* Task to complete
Make an exact copy of the lines starting at the top of the listing below and ending at the line that contains "Esse – Life", inclusive.

* Task input

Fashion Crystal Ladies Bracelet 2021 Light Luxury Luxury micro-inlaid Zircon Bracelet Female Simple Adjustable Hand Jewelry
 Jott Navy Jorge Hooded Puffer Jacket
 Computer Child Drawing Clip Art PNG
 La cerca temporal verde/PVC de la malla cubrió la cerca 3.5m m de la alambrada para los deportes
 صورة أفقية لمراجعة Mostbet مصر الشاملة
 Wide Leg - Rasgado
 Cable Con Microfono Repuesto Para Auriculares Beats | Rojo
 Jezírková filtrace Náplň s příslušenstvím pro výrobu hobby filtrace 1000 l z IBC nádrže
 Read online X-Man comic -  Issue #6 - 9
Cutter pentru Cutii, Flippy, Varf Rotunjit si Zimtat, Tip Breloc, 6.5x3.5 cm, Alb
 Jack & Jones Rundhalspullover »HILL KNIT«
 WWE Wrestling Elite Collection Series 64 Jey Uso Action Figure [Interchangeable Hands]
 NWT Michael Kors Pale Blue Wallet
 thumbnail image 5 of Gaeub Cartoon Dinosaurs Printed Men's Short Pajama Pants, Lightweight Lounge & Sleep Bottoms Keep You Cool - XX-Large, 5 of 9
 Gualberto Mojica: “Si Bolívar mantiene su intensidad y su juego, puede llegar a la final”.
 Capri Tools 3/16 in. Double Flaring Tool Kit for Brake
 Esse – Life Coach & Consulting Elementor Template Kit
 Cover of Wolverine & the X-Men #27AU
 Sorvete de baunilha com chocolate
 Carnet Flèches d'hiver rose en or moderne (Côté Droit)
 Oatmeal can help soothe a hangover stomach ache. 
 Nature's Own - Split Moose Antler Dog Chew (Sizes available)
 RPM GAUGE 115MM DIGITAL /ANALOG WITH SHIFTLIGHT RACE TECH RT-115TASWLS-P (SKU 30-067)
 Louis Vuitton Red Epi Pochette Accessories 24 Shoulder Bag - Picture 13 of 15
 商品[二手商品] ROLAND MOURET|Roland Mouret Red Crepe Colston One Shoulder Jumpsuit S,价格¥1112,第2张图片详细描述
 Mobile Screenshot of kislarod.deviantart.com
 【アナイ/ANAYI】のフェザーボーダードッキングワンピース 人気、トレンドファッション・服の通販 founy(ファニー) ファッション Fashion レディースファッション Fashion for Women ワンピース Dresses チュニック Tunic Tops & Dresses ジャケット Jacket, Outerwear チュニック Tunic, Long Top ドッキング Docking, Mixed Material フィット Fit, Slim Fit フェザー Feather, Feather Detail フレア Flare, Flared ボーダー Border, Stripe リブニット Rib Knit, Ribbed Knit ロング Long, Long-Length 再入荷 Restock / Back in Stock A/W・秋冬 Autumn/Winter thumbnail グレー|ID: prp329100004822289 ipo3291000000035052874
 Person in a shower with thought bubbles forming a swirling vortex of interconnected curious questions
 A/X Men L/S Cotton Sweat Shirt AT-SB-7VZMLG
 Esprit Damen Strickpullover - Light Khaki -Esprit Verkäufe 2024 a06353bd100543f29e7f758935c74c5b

* Reply to the task
Fashion Crystal Ladies Bracelet 2021 Light Luxury Luxury micro-inlaid Zircon Bracelet Female Simple Adjustable Hand Jewelry
 Jott Navy Jorge Hooded Puffer Jacket
 Computer Child Drawing Clip Art PNG
 La cerca temporal verde/PVC de la malla cubrió la cerca 3.5m m de la alambrada para los deportes
 صورة أفقية لمراجعة Mostbet مصر الشاملة
 Wide Leg - Rasgado
 Cable Con Microfono Repuesto Para Auriculares Beats | Rojo
 Jezírková filtrace Náplň s příslušenstvím pro výrobu hobby filtrace 1000 l z IBC nádrže
 Read online X-Man comic -  Issue #6 - 9
Cutter pentru Cutii, Flippy, Varf Rotunjit si Zimtat, Tip Breloc, 6.5x3.5 cm, Alb
 Jack & Jones Rundhalspullover »HILL KNIT«
 WWE Wrestling Elite Collection Series 64 Jey Uso Action Figure [Interchangeable Hands]
 NWT Michael Kors Pale Blue Wallet
 thumbnail image 5 of Gaeub Cartoon Dinosaurs Printed Men's Short Pajama Pants, Lightweight Lounge & Sleep Bottoms Keep You Cool - XX-Large, 5 of 9
 Gualberto Mojica: “Si Bolívar mantiene su intensidad y su juego, puede llegar a la final”.
 Capri Tools 3/16 in. Double Flaring Tool Kit for Brake
 Esse – Life Coach & Consulting Elementor Template Kit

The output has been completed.